Monday, May 25, 2009

Child Abuse Report, a chilling profile of violated trust

brian-boru-celtic-harp Almost every metropolitan newspaper across the world published a story on Thursday, May 21st about the Report of the Commission to Inquire into Child Abuse in Ireland.

The Commission was established on 23 May 2000 and heard evidence of childhood abuse from attendees of industrial schools, reformatories, orphanages, and a hospital or in a child’s own home since 1940. Industrial schools were established under law in 1868 Ireland to cater for neglected, orphaned or abandoned children.
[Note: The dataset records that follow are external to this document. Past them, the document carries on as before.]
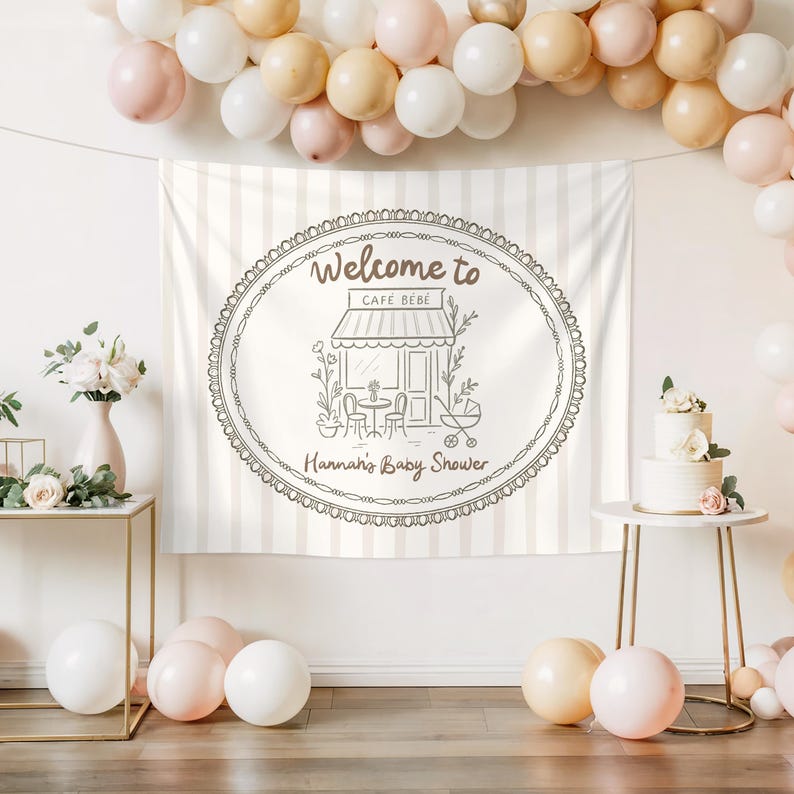 Custom Cafe Bebe Baby Shower Baby is Brewing Coffee Theme Shower Decorations Paris Cafe Shower Photo Backdrop Love is Brewing Shower image 2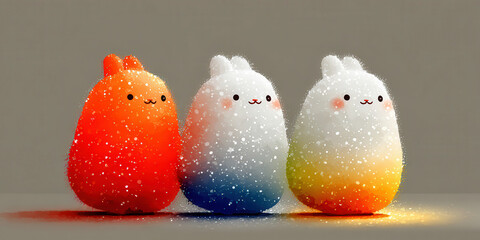 Three Adorable Fluffy Snow Bunnies in Red, Blue, and Orange Colors with Glittery Effect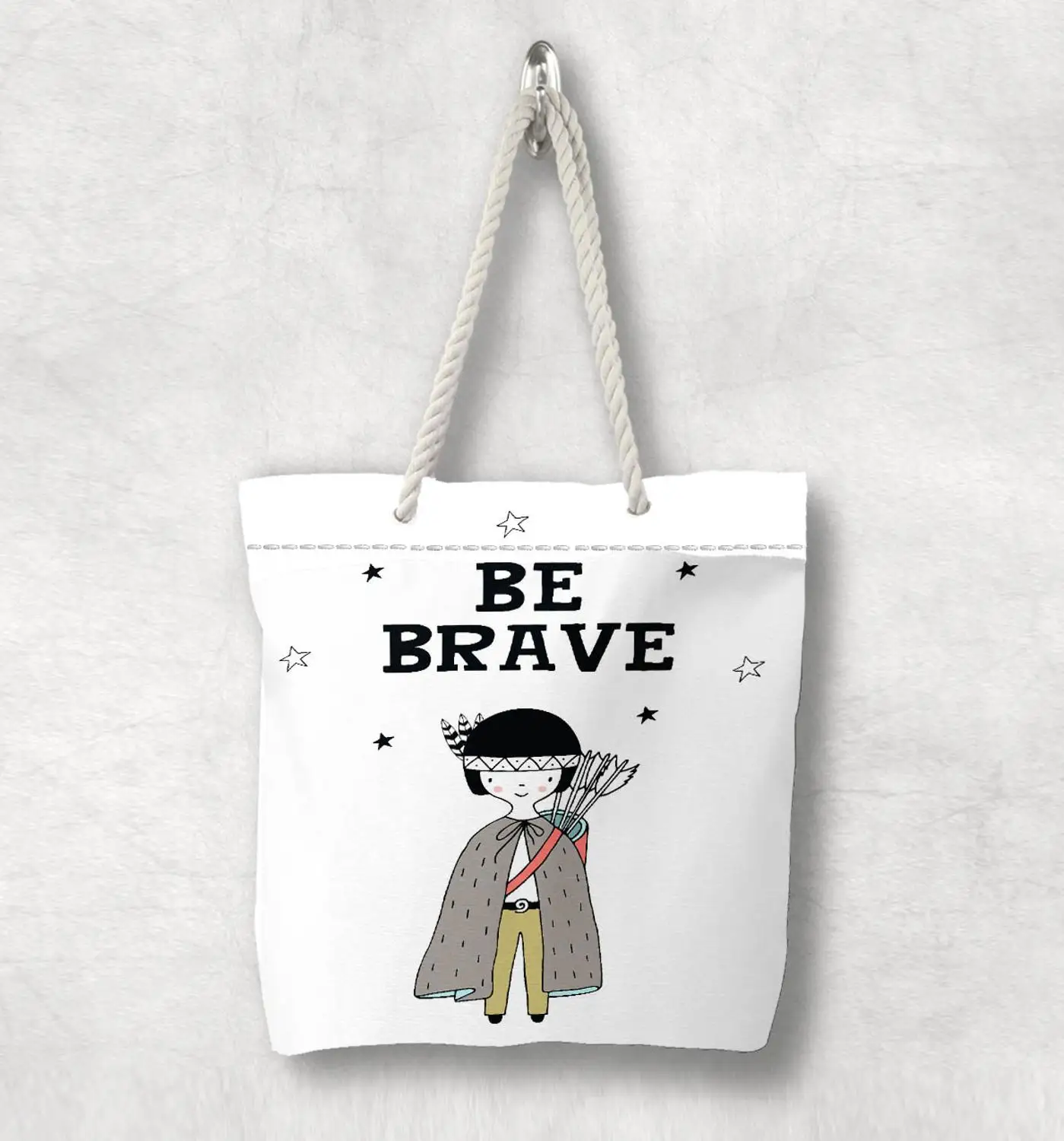 В богемном стиле Скандинавская белая холщовая сумка с ручками из веревки Be Brave Boy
Public awareness of extensive childhood abuse in these schools was heightened by a television documentary, States of Fear in 1999 that lead to a public apology in the Dáil (Parliament) by the then Taoiseach, Bertie Ahern TD. This coincided with the exposure of widespread clerical child sex abuse in Ireland, United States and elsewhere.

The types of abuse investigated included:

  • Physical abuse - infliction of injury or failure to prevent injury
  • Sexual abuse – use of a child for sexual gratification or arousal
  • Neglect – failure to care properly
  • Emotional abuse

Examples of abuse included, for example, being caned on bare buttocks, being invited to ‘search’ for a coin in the pant pocket of a cleric, being obliged to spend overnight in the open air, often during inclement weather, sharing a bed with an alcoholic nun, being stripped and beaten in front of other people and inflicting bruising and black eyes.

Approximately 170,000 children attended these institutions between 1936 and 1970. The issue of compensation was determined by a Residential Institutions Redress Board (RIRB) and a total of 14,584 applications were received by 15 December 2005.

The position in May 2009 is that RIRB has completed 13,190 cases and has made awards totalling €787.45 million and the average value of the 12,436 awards made to date has been €63,320. A total of 1,892 awards were for sums in excess of €100,000 and 27 were in the €200,000 - €300,000 range.

A total of €138.5 million was paid in legal costs to 817 firms of solicitors.

The Irish Government entered into a contractually binding agreement in 2002 with the 18 religious congregations implicated in the Report which capped their liability at €127 million. It was anticipated that this would represent a 50-50 burden share between the State and the religious congregations. But this has not been the case in practice and the religious congregations will not increase their contribution.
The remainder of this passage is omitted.